Start of Block
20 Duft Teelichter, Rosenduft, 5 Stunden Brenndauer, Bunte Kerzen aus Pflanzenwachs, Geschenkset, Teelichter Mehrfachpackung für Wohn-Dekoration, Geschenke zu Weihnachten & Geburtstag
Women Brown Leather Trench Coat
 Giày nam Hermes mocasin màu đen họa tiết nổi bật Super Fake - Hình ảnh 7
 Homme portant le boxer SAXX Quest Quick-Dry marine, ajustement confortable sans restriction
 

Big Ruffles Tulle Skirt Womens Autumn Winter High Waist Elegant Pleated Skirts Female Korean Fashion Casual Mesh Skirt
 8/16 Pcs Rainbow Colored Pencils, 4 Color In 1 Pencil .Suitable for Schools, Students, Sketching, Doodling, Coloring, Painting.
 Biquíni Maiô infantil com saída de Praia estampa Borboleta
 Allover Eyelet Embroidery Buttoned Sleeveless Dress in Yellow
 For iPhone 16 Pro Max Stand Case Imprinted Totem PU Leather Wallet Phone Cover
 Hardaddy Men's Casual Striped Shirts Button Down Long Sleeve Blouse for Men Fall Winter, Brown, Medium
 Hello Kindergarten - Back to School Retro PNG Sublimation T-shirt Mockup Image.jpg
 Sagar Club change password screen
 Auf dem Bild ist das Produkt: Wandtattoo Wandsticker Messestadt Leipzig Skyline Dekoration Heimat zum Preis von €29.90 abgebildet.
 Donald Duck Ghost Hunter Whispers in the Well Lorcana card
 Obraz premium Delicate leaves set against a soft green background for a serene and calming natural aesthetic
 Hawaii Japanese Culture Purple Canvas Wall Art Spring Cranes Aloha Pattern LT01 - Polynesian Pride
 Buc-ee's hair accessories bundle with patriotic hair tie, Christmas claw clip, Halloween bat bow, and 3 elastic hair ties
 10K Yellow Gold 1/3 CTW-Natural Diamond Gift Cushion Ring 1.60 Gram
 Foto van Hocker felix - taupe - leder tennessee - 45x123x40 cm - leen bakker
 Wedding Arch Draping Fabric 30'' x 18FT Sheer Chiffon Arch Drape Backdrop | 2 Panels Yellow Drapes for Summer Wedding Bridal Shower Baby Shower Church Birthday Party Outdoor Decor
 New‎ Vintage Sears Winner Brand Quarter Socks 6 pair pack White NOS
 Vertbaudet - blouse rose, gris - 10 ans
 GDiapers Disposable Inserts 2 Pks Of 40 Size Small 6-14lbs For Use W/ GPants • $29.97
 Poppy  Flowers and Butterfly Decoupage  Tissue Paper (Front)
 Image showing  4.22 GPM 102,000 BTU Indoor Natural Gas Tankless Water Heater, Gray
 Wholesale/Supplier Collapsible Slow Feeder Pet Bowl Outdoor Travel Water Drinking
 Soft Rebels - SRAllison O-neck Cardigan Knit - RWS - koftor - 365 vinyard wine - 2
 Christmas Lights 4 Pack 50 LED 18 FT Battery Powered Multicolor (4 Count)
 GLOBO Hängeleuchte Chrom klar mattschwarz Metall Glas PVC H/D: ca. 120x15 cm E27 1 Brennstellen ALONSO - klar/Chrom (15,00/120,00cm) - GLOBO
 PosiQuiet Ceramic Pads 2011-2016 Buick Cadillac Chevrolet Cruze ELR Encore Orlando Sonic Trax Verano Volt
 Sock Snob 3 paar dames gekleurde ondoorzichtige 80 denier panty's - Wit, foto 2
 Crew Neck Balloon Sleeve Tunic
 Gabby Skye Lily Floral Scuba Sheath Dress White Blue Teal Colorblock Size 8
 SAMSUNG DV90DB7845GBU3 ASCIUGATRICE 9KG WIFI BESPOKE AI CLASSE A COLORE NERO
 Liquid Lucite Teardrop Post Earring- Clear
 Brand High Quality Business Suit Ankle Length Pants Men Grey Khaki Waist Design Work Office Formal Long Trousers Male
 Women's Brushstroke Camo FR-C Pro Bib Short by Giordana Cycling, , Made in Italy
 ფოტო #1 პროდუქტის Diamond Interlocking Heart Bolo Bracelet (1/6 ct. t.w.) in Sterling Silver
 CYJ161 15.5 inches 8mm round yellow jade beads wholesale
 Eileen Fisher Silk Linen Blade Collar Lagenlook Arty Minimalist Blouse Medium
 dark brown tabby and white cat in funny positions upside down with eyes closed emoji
End of Block
_Problem_
Going back to the entries above, set down exactly the lines that begin at the one with "Auf dem Bild" and end at the one with "GDiapers Disposable Inserts", both included, and nothing else.

_Written response_
 Auf dem Bild ist das Produkt: Wandtattoo Wandsticker Messestadt Leipzig Skyline Dekoration Heimat zum Preis von €29.90 abgebildet.
 Donald Duck Ghost Hunter Whispers in the Well Lorcana card
 Obraz premium Delicate leaves set against a soft green background for a serene and calming natural aesthetic
 Hawaii Japanese Culture Purple Canvas Wall Art Spring Cranes Aloha Pattern LT01 - Polynesian Pride
 Buc-ee's hair accessories bundle with patriotic hair tie, Christmas claw clip, Halloween bat bow, and 3 elastic hair ties
 10K Yellow Gold 1/3 CTW-Natural Diamond Gift Cushion Ring 1.60 Gram
 Foto van Hocker felix - taupe - leder tennessee - 45x123x40 cm - leen bakker
 Wedding Arch Draping Fabric 30'' x 18FT Sheer Chiffon Arch Drape Backdrop | 2 Panels Yellow Drapes for Summer Wedding Bridal Shower Baby Shower Church Birthday Party Outdoor Decor
 New‎ Vintage Sears Winner Brand Quarter Socks 6 pair pack White NOS
 Vertbaudet - blouse rose, gris - 10 ans
 GDiapers Disposable Inserts 2 Pks Of 40 Size Small 6-14lbs For Use W/ GPants • $29.97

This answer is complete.